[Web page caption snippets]
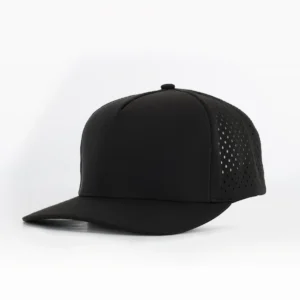 Custom Performance Peak Cap - Plain (Black)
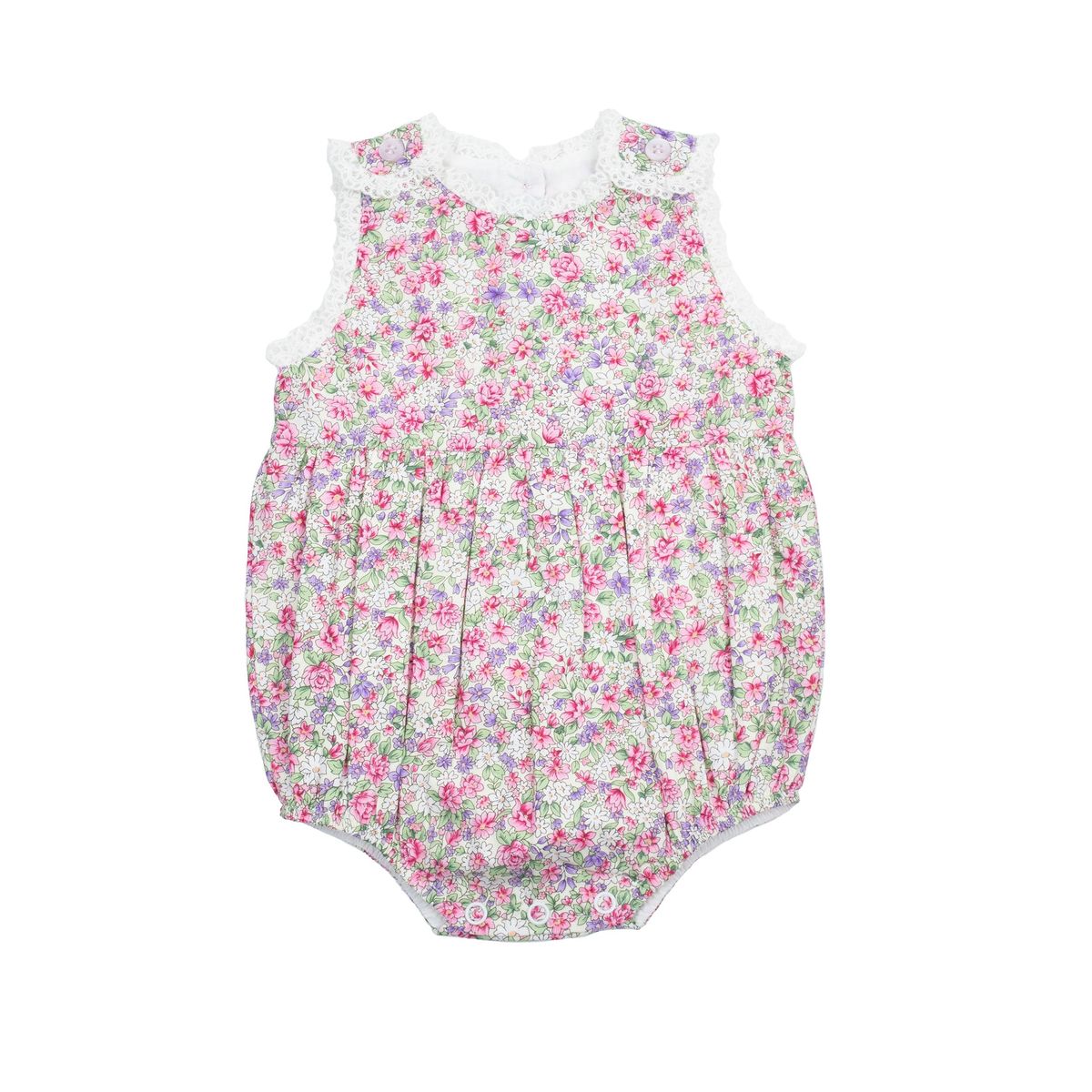 Cuclie Mila Sleeveless Bubble Romper- Lilac Floral-Cuclie Baby-Little Giant Kidz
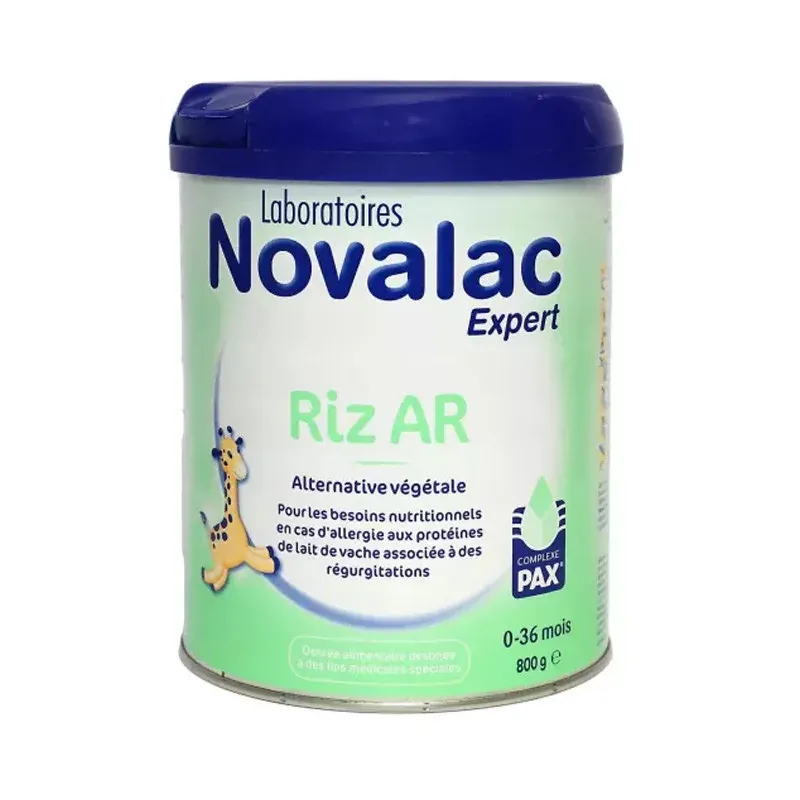 Novalac Riz AR 0-36 mois 800g - Univers Pharmacie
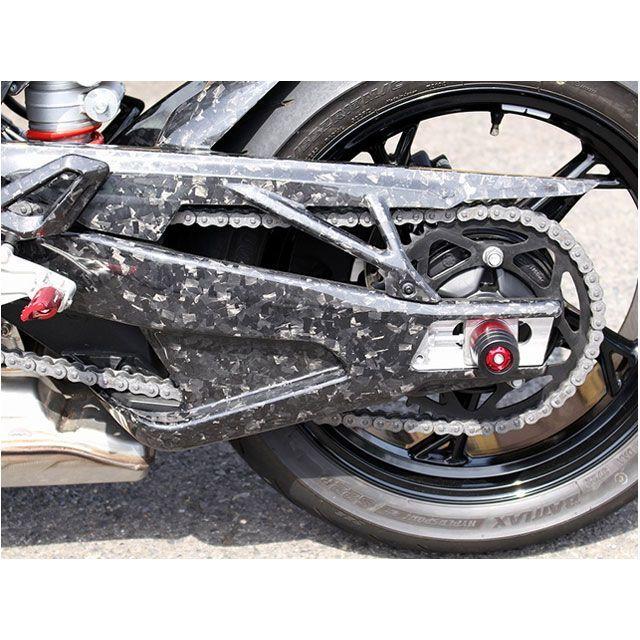 SPEEDRA S1000RR スイングアームカバー 左右セット ドライカーボン 仕様 フォージドカーボン艶あり SPEEDRAの画像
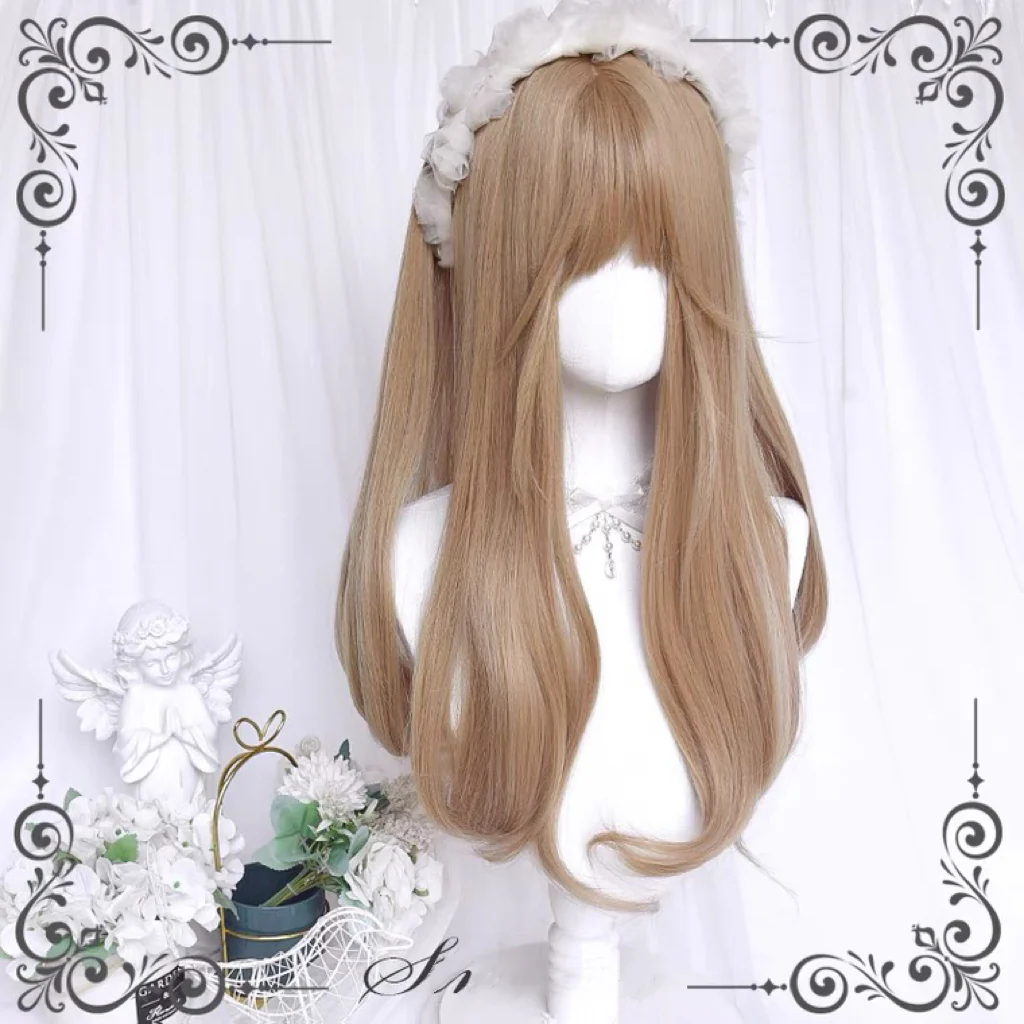 Linen Blonde Slightly Curly Wig HA1064 - Image 2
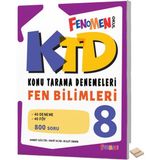 Fenomen Yayıncılık Lgs 8. Sınıf Fen Bilimleri Konu Tarama Denemeleri + Telefon Tutucu - Video Çözümlü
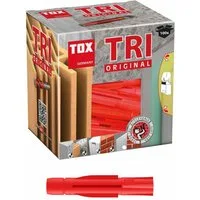 TOX-DÜBEL-TECHNIK Universaldübel, (100-tlg), Allzweckdübel Tri - Das Original aller Allzweckdübel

*Action item*. Beginning with the line that contains "SPEEDRA S1000RR スイングアームカバー" and ending with the last line of the entries above, repeat each line exactly, but not the pictures.

*Solution for this task*.
 SPEEDRA S1000RR スイングアームカバー 左右セット ドライカーボン 仕様 フォージドカーボン艶あり SPEEDRAの画像
 Linen Blonde Slightly Curly Wig HA1064 - Image 2
 Fenomen Yayıncılık Lgs 8. Sınıf Fen Bilimleri Konu Tarama Denemeleri + Telefon Tutucu - Video Çözümlü
 TOX-DÜBEL-TECHNIK Universaldübel, (100-tlg), Allzweckdübel Tri - Das Original aller Allzweckdübel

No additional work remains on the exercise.